Book People Archive

Re: Would a kind soul response directly to h

> From: Gary Young <younggr@[redacted]>
> To: spok+bookpeople@[redacted]
> Subject: Re: Would a kind soul response directly to h
> Date: Tuesday, November 04, 1997 5:58 PM
> Problems with extending copyright:
> 1) The author probably does not benefit, because he/she 'sold' the rights
> long ago.  Solution:  Extend copyright if you want, but the rights should
> revert to the author or to his/her heirs.  They should not be granted to the 
> current copyright holder, who bought them many years ago.
> 2) Current authors are discouraged by the availability of a great amount of 
> old material which is re-published.  This is possible, I suppose, but I don't 
> really see it happening too much.  Rather the opposite - see (3) below.  
> Solution:  I can't think of one.  If the stuff is saleable by the current
> copyright holder, then if it enters the public domain, it will 
> still be saleable, and it will appear on even more bookshelves, as the 
> re-print houses grab it for free.
> 3) Old works are disappearing.  That is, Hemingway is being re-printed all 
> the time.  Thousands of other books which were printed in the early 1900's, 
> and were never reprinted, probably never will be.  When Disney succeeds in 
> extending the copyright on _Sleeping Beauty_ they also ensure that a book
> such as _insert a title here_   :-)   which had an initial print run of 5000 
> copies in 1930, and was never reprinted, also remains under copyright.
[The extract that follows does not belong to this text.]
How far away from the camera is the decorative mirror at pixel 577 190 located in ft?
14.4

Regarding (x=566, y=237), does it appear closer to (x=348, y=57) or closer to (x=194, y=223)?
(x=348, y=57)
This 
> is unfortunate, because there may only be 100 copies of that book in 
> existance today, and if we wait another 20 years, all 100 may have been lost 
> or destroyed.  Solution:  I think that any copyright law should include a
> "use it or lose it" clause.  Sure, grant copyright for 'life of the author + 
> 70 years' as an initial estimate.  However, if the book has been out of print 
> for 25 years, then copyright should expire.  Or, grant copyright for 'the
> life of the author', and allow it to be renewed indefinitely, as long as it 
> is reprinted and offered for public sale every 25 years.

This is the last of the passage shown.